Instructions to follow = Copy word for word the lines of the records below, beginning at the one with "Pomchi Heart String - Throw Pillow Cover" and finishing at the one with "Veronica Beard Elysia", ends included, but none of the pictures.

Supplied material =

____________________

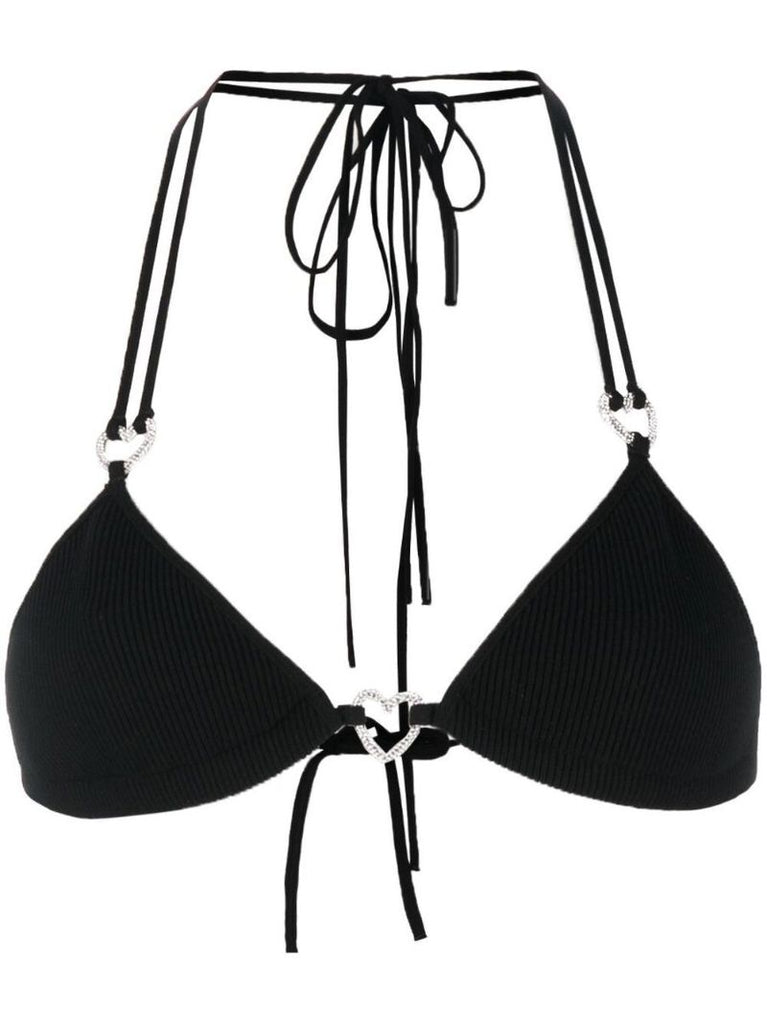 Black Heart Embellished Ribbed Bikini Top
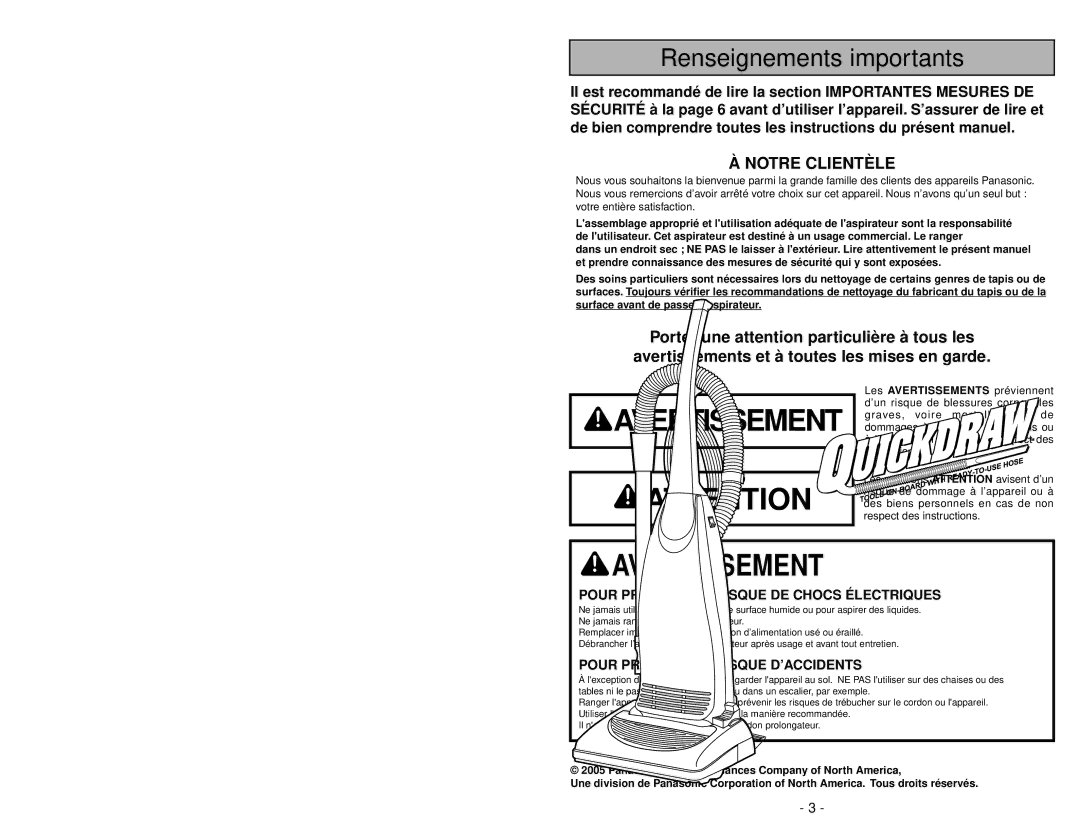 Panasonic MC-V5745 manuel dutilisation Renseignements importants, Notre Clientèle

____________________

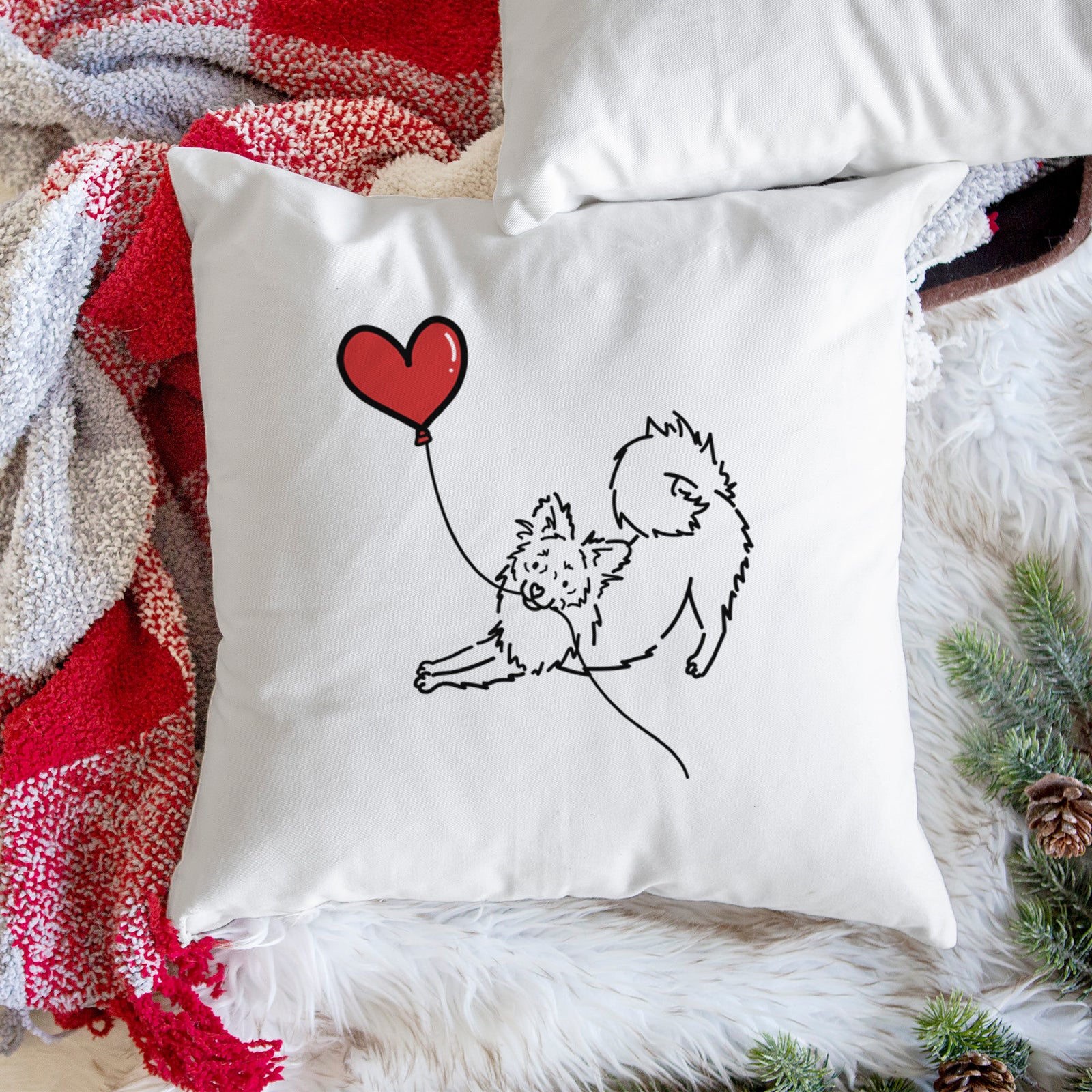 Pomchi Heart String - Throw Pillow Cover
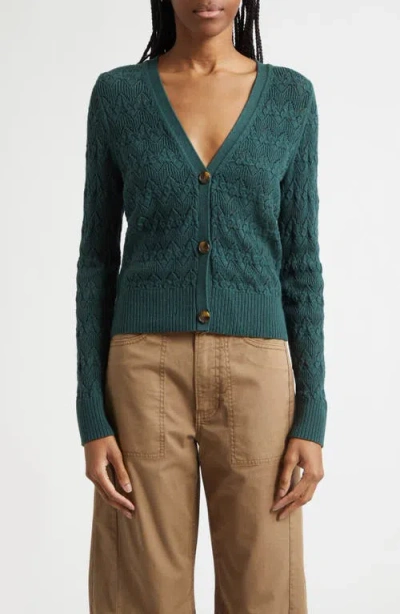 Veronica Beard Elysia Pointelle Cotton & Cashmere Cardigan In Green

____________________

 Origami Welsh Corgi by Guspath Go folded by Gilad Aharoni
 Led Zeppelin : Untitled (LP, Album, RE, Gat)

____________________

The completed task =
 Pomchi Heart String - Throw Pillow Cover
 Veronica Beard Elysia Pointelle Cotton & Cashmere Cardigan In Green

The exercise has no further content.